La vida tenía una manera de perseguirse la cola, sin duda, pero no se desarrolló como habíamos planeado. Kevin hizo comerciales en lugar de películas y yo nunca me convertí en un periodista serio. Fuimos puestos a prueba por ambiciones frustradas, niños exigentes y enfermedades inesperadas: pruebas tan comunes que rematan mil chistes. Honestamente, no sé cómo logramos salir adelante cuando más de la mitad de nuestros amigos ahora están divorciados.

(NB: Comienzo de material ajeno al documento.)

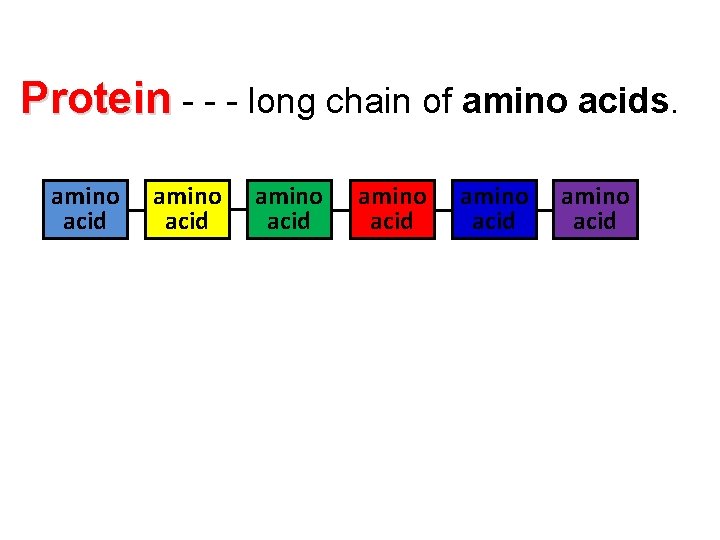 Protein - - - long chain of amino acids. amino acid amino acid amino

Pero en noviembre pasado, Kevin y yo celebramos el hecho de que todavía podemos hablar durante horas sin aburrirnos. Era nuestro vigésimo sexto aniversario de bodas y caminamos hasta Abbot Kinney e intentamos identificar la casa donde nos conocimos por primera vez.

“En noviembre pasado, Kevin y yo celebramos el hecho de que todavía podemos hablar durante horas sin aburrirnos”.

"¿Es este?" Kevin se detuvo frente a una tablilla azul que, al igual que las otras dos docenas de cabañas en la calle, se había convertido en una tienda minorista. El sol se hundió hacia el horizonte y la luz sombreó su barba de blanco a dorado como si el tiempo se estuviera invirtiendo.

“Estaba en el lado norte”, dije.

"¿Que hay de ese?" Señaló al otro lado de la calle y nos acercamos para investigar. La casa con tejas de madera tenía las mismas dimensiones que recordábamos, pero la puerta estaba en el lugar equivocado.

“No, no lo creo”, dije.

Kevin me sonrió, sus ojos tan brillantes, azules y divertidos como siempre. Sabía lo que estaba pensando: encontrar la casa no era tan importante. La caminata fue un ejercicio, no un experimento. Hemos caminado por esas seis cuadras durante más de dos décadas y nunca nos ponemos de acuerdo sobre la ubicación de la casa donde nos conocimos por primera vez. No lo esperamos.

Pero de todos modos hacemos la peregrinación. Inhalamos el aire salado y miramos la luna salir sobre nosotros y escuchamos el crujido de la electricidad en los cables. Más tarde, volvemos a nuestra antigua casa llena de corrientes de aire y nos sentamos al piano gris, al que ahora le falta un pedal y está un poco desafinado. La melodía flota por la habitación. Mientras se calman las últimas notas, Kevin toma mi mano.

Este impulso dio sus frutos con creces.